[Exercise aim]: Please reproduce all of the data below exactly, leaving each picture out.

- Opening Delimiter -

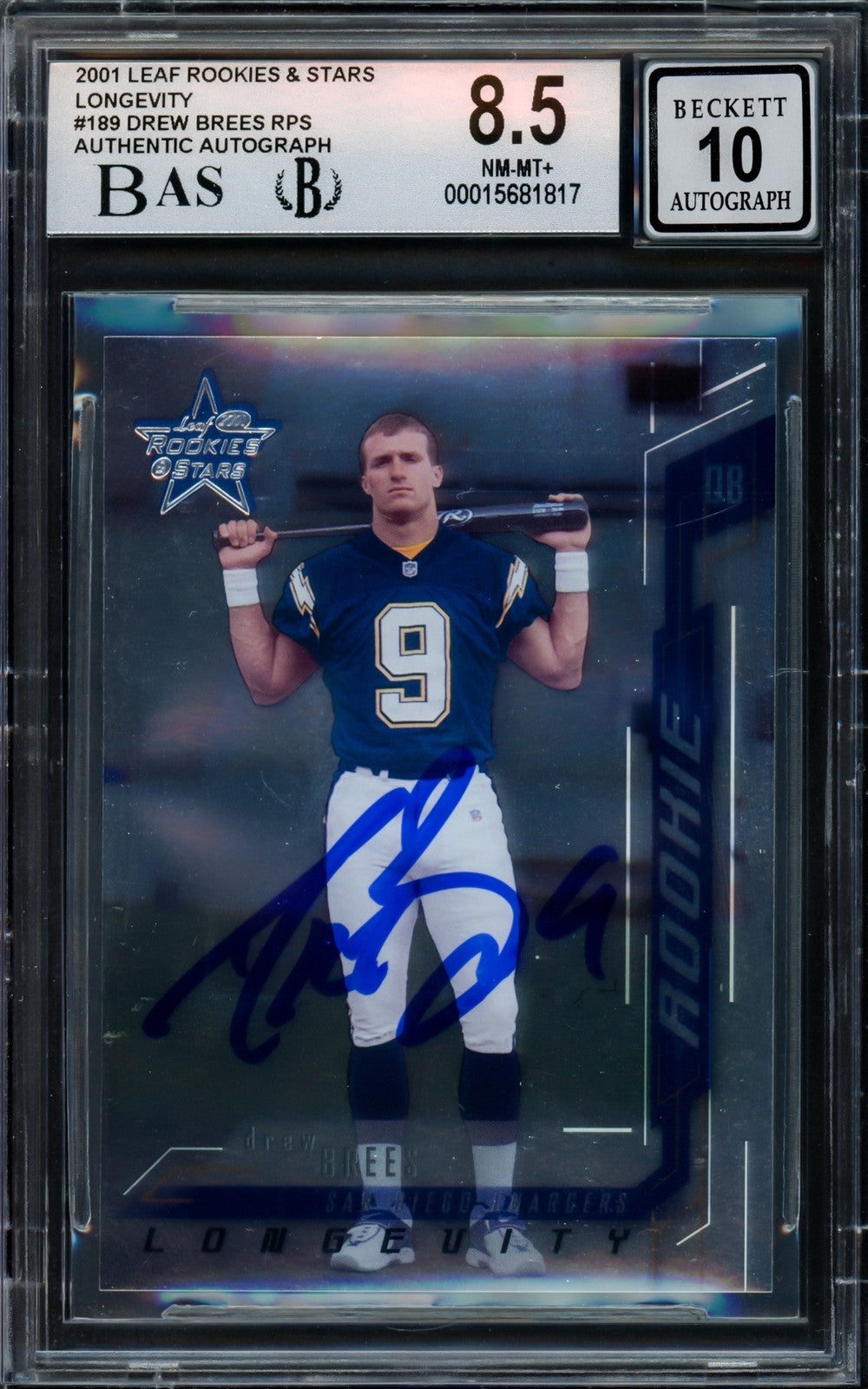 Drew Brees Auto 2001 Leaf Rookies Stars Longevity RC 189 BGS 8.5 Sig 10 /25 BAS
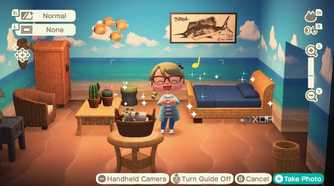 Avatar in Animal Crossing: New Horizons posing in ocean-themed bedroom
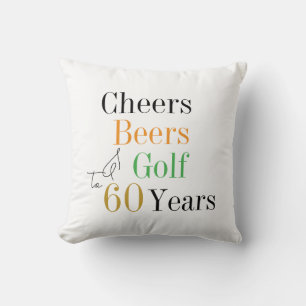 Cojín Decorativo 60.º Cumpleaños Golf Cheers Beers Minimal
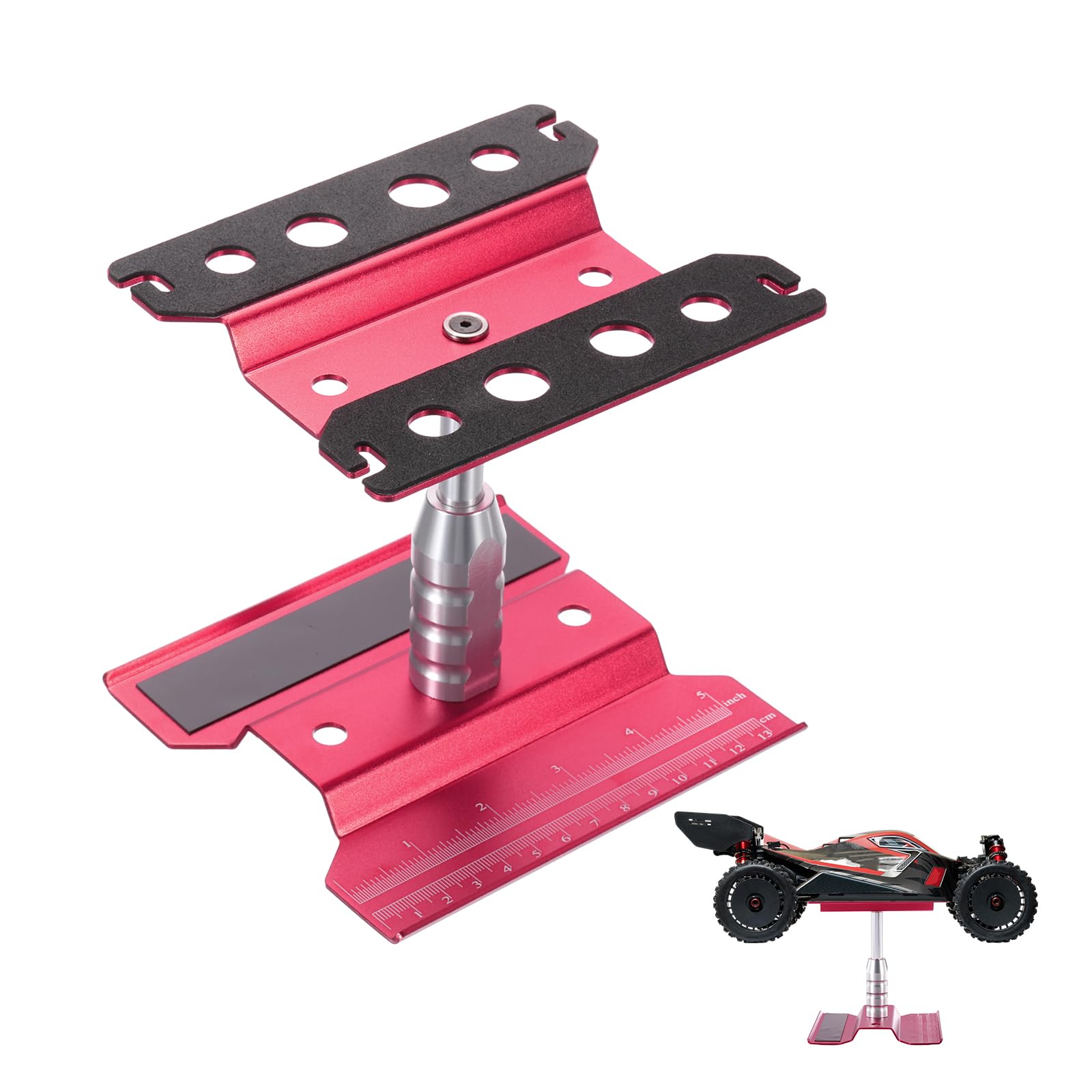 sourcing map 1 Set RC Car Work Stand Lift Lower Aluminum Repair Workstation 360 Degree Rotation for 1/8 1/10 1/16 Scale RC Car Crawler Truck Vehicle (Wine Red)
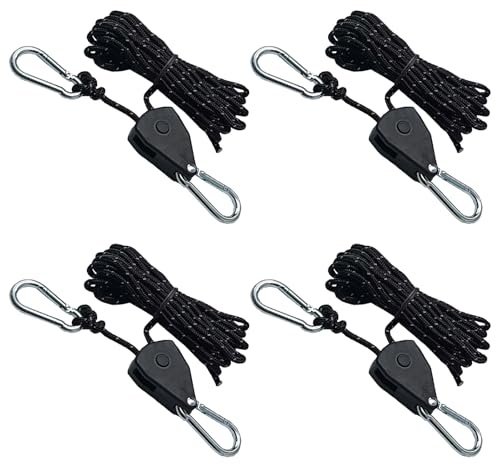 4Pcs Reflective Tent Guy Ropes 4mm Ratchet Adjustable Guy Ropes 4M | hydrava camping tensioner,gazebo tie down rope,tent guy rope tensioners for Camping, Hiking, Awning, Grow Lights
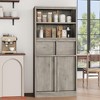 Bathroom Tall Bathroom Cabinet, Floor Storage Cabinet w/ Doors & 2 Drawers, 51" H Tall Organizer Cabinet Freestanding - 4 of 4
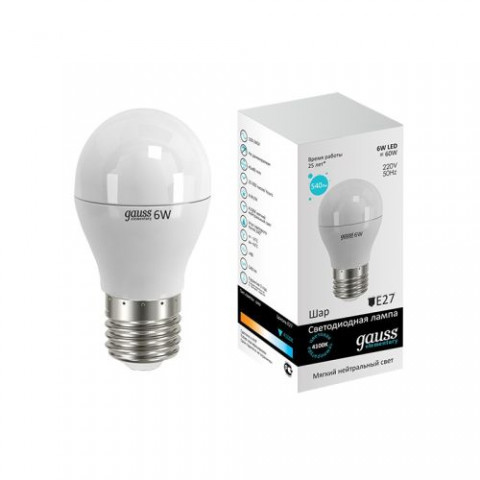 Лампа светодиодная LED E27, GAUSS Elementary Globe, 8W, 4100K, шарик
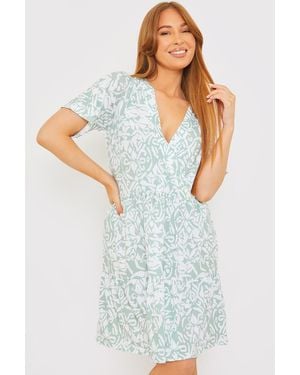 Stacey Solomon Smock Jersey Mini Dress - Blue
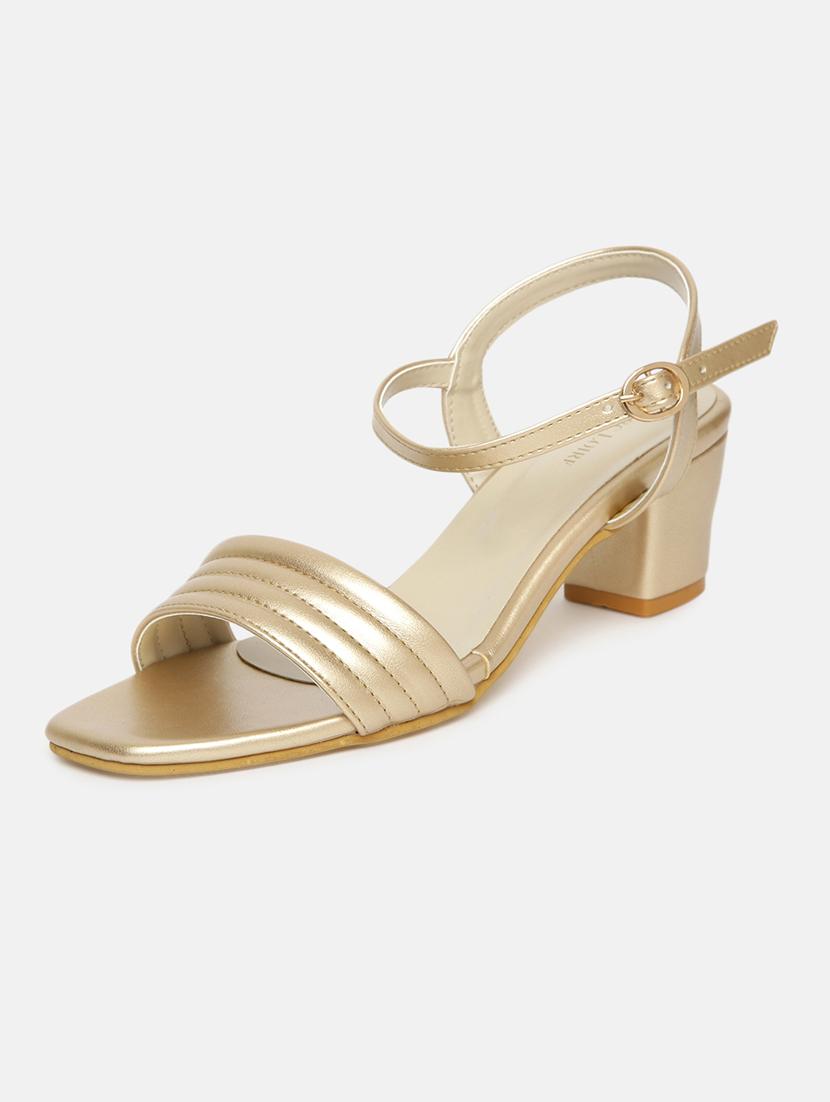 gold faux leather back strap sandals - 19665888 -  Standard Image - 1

- Closing Delimiter -

[Solved problem]:
 Drew Brees Auto 2001 Leaf Rookies Stars Longevity RC 189 BGS 8.5 Sig 10 /25 BAS
 Avatar in Animal Crossing: New Horizons posing in ocean-themed bedroom
 Cojín Decorativo 60.º Cumpleaños Golf Cheers Beers Minimal
 sourcing map 1 Set RC Car Work Stand Lift Lower Aluminum Repair Workstation 360 Degree Rotation for 1/8 1/10 1/16 Scale RC Car Crawler Truck Vehicle (Wine Red)
 4Pcs Reflective Tent Guy Ropes 4mm Ratchet Adjustable Guy Ropes 4M | hydrava camping tensioner,gazebo tie down rope,tent guy rope tensioners for Camping, Hiking, Awning, Grow Lights
 Bathroom Tall Bathroom Cabinet, Floor Storage Cabinet w/ Doors & 2 Drawers, 51" H Tall Organizer Cabinet Freestanding - 4 of 4
 Лампа светодиодная LED E27, GAUSS Elementary Globe, 8W, 4100K, шарик
 Stacey Solomon Smock Jersey Mini Dress - Blue
 gold faux leather back strap sandals - 19665888 -  Standard Image - 1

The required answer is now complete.